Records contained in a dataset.
%%

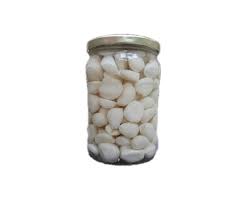 تصویر 1 از خرید و قیمت ترشی سیر سفید صدفی + فروش صادراتی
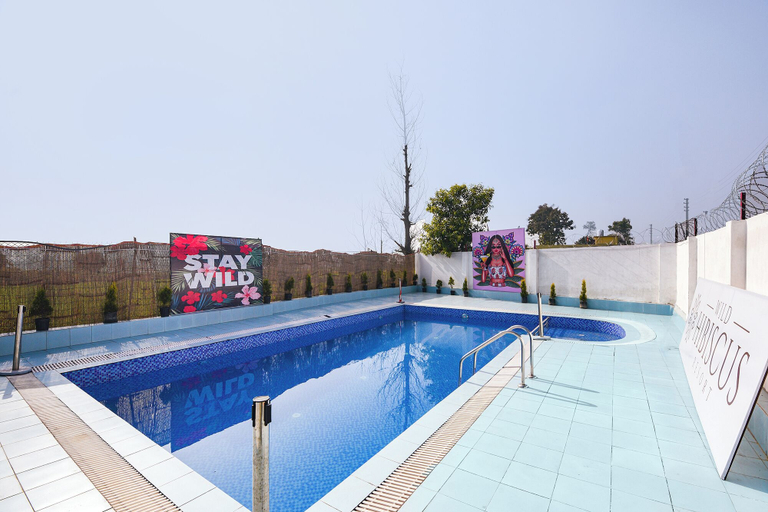 Indoor pool 5, Fabhotel Wild Hibiscus Resort, Nainital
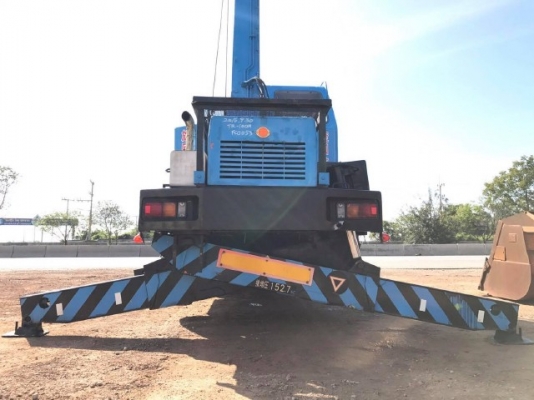 ขายรถเครน TADANO TR100M-1 (ขนาด 10 ตัน) รถนอกนำเข้าเองจากญี่ปุ่น สภาพสวยพร้อมใช้ มีVDOการทำงานครับ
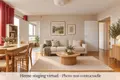Appartement a vendre Paris 13e Arrondissement 75013 Paris 75 66 m2 3 pièces 482400 euros RUBY1 005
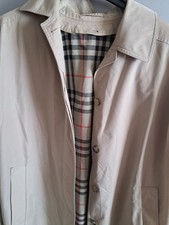 Vintage TRENCHCOAT GRÖSSE XL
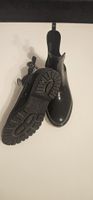 Schwarze Stiefeletten, Grösse 41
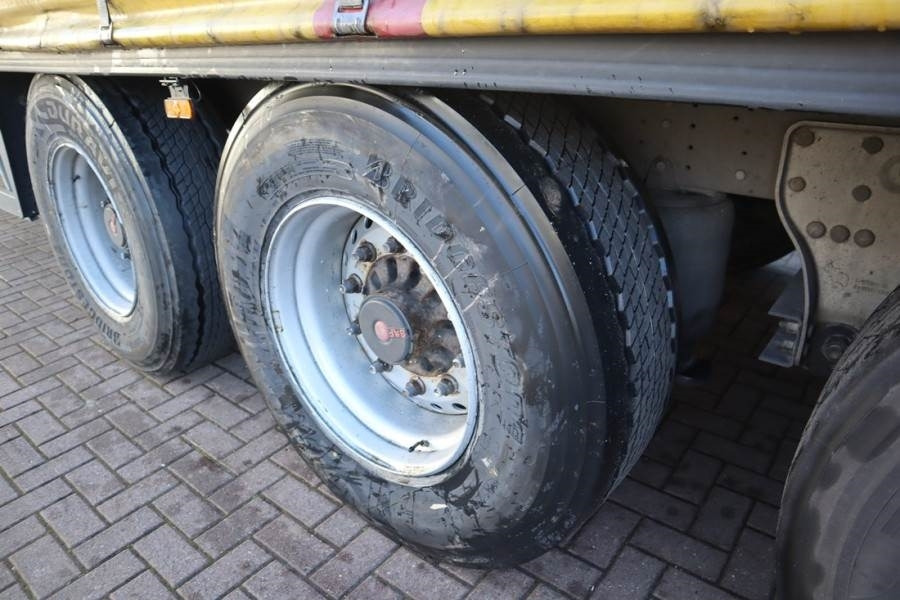 Remorque rideaux coulissants Schmitz CARG SCB3ST CoC Documents, TuV Loading Certificate: photos 15 Remorque rideaux coulissants Schmitz CARG SCB3ST CoC Documents, TuV Loading Certificate: photos 15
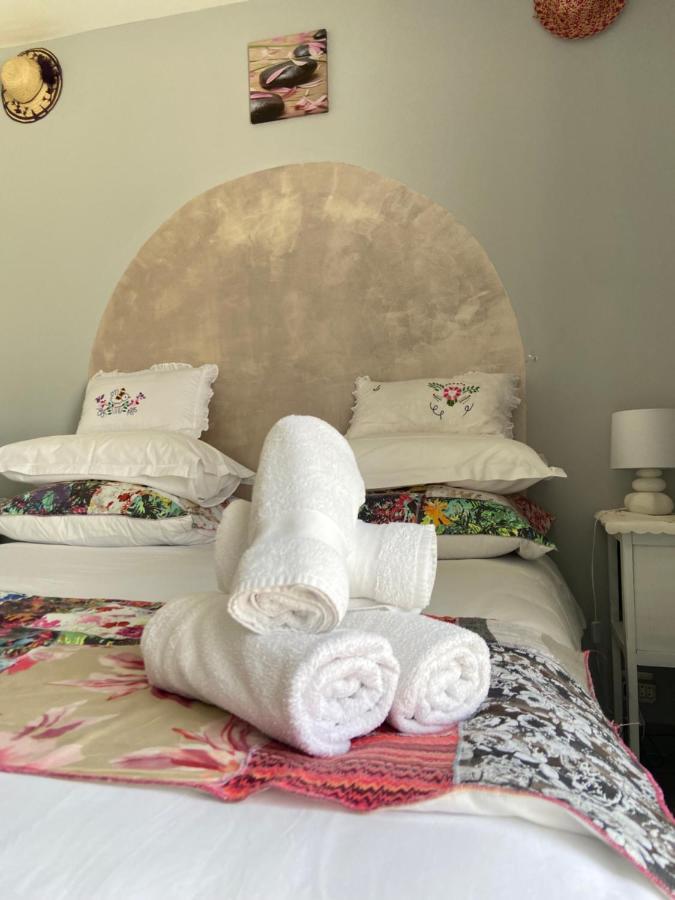 Esprit Etape Bed and Breakfast Saint-Barthélemy-de-Vals Exteriör bild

%%

WORK TO BE COMPLETED. Your copy should hold only the lines above from the one containing "ขายรถเครน TADANO TR100M-1" through the one containing "photos 15 Remorque", exactly as written and free of pictures.

RESPONSE AREA.
 ขายรถเครน TADANO TR100M-1 (ขนาด 10 ตัน) รถนอกนำเข้าเองจากญี่ปุ่น สภาพสวยพร้อมใช้ มีVDOการทำงานครับ
Appartement a vendre Paris 13e Arrondissement 75013 Paris 75 66 m2 3 pièces 482400 euros RUBY1 005
 Vintage TRENCHCOAT GRÖSSE XL
 Schwarze Stiefeletten, Grösse 41
 Remorque rideaux coulissants Schmitz CARG SCB3ST CoC Documents, TuV Loading Certificate: photos 15 Remorque rideaux coulissants Schmitz CARG SCB3ST CoC Documents, TuV Loading Certificate: photos 15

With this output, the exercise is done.